[TASK TO CARRY OUT]:
Please, without the pictures, restate every entry exactly.

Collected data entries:
::::

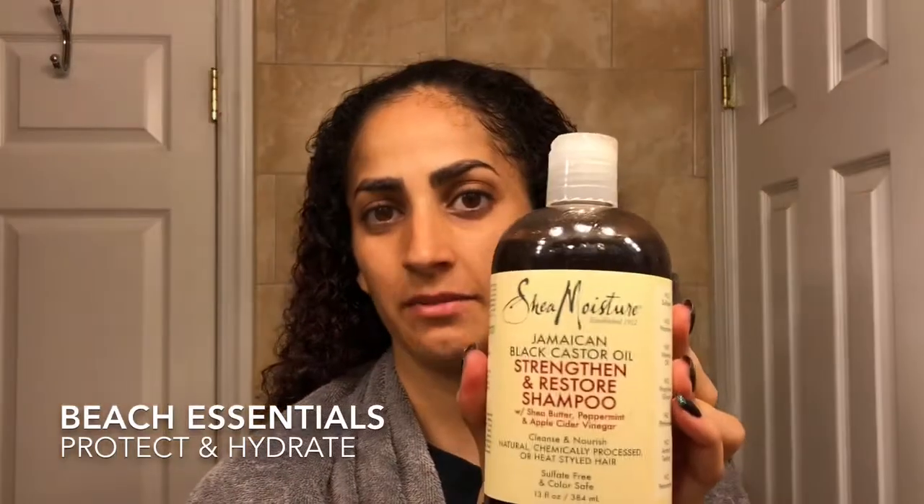Hi, welcome to my channel. Today I'm going to do my hair with all the Shea Moisture collection that they sent me.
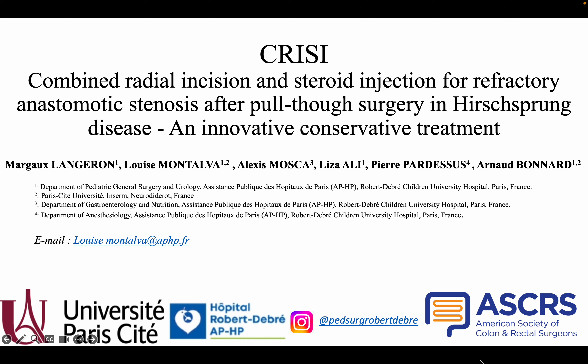Dear colleagues, I'm happy to present the CRISI-Technik — the combined radial incision and steroid injection for refractory anastomotic stenosis after pull-through surgery in Hirschsprung disease — which is an innovative conservative treatment.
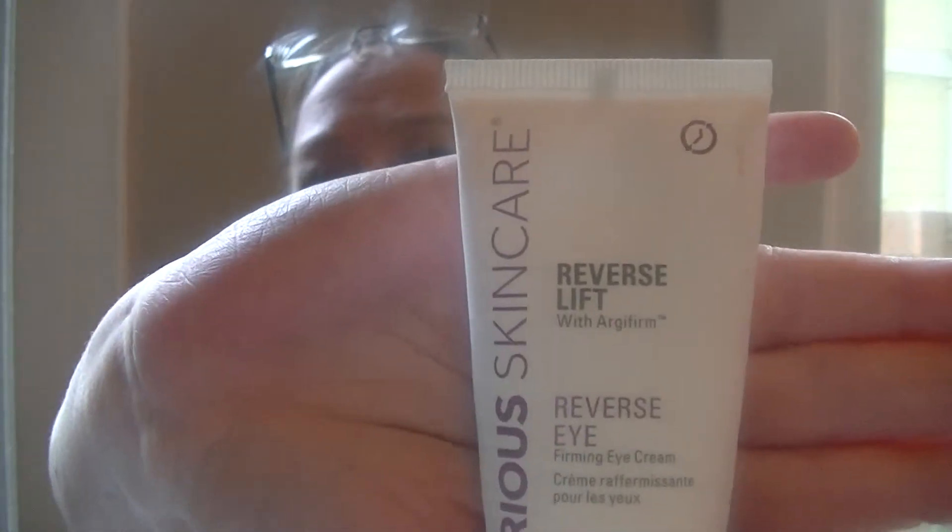Anyway, we'll see you in a week. We are testing out the Reverse Lift with the Arga Firm from Serious Skincare. So we are back and we gave this a good try for about seven days. This is probably not one of my most favorite products in the kit, but it does give some results. For me — taking my glasses off — I do have some gravity action going on with my eyes.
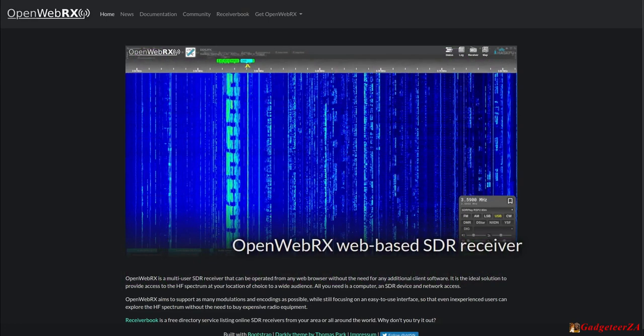This video is about OpenWebRX, a web-based SDR receiver. It's not only for ham radio operators, although it's often used to tune into ham radio frequencies. The SDR receiver itself is just a little dongle that receives a wide range of radio frequencies. You could be sitting anywhere in the world with a web browser — say you're in London — and visit a site like mine in Cape Town, South Africa.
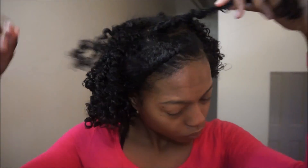Since I twisted my hair into those little sections, I really don't have to separate anything out. I just need to untwist and then fluff at the end and I'm good to go.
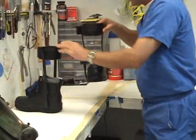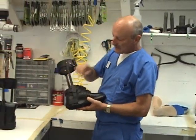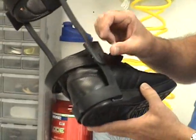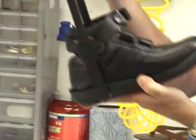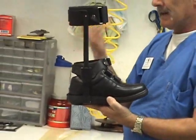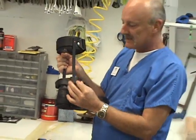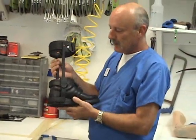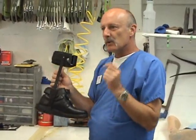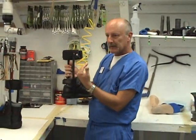I prefer when I do a limited motion to use a double action joint, which has screws and channels where you can put metal steel pins in so you can position the leg and get better alignment at fitting. The problem with double action is the head needs to be steel, so it adds a little bit of weight. But I think it's worth that extra weight for better function, better alignment, and gait.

::::

[EXERCISE ANSWER]:
Hi, welcome to my channel. Today I'm going to do my hair with all the Shea Moisture collection that they sent me.
Dear colleagues, I'm happy to present the CRISI-Technik — the combined radial incision and steroid injection for refractory anastomotic stenosis after pull-through surgery in Hirschsprung disease — which is an innovative conservative treatment.
Anyway, we'll see you in a week. We are testing out the Reverse Lift with the Arga Firm from Serious Skincare. So we are back and we gave this a good try for about seven days. This is probably not one of my most favorite products in the kit, but it does give some results. For me — taking my glasses off — I do have some gravity action going on with my eyes.
This video is about OpenWebRX, a web-based SDR receiver. It's not only for ham radio operators, although it's often used to tune into ham radio frequencies. The SDR receiver itself is just a little dongle that receives a wide range of radio frequencies. You could be sitting anywhere in the world with a web browser — say you're in London — and visit a site like mine in Cape Town, South Africa.
Since I twisted my hair into those little sections, I really don't have to separate anything out. I just need to untwist and then fluff at the end and I'm good to go.
I prefer when I do a limited motion to use a double action joint, which has screws and channels where you can put metal steel pins in so you can position the leg and get better alignment at fitting. The problem with double action is the head needs to be steel, so it adds a little bit of weight. But I think it's worth that extra weight for better function, better alignment, and gait.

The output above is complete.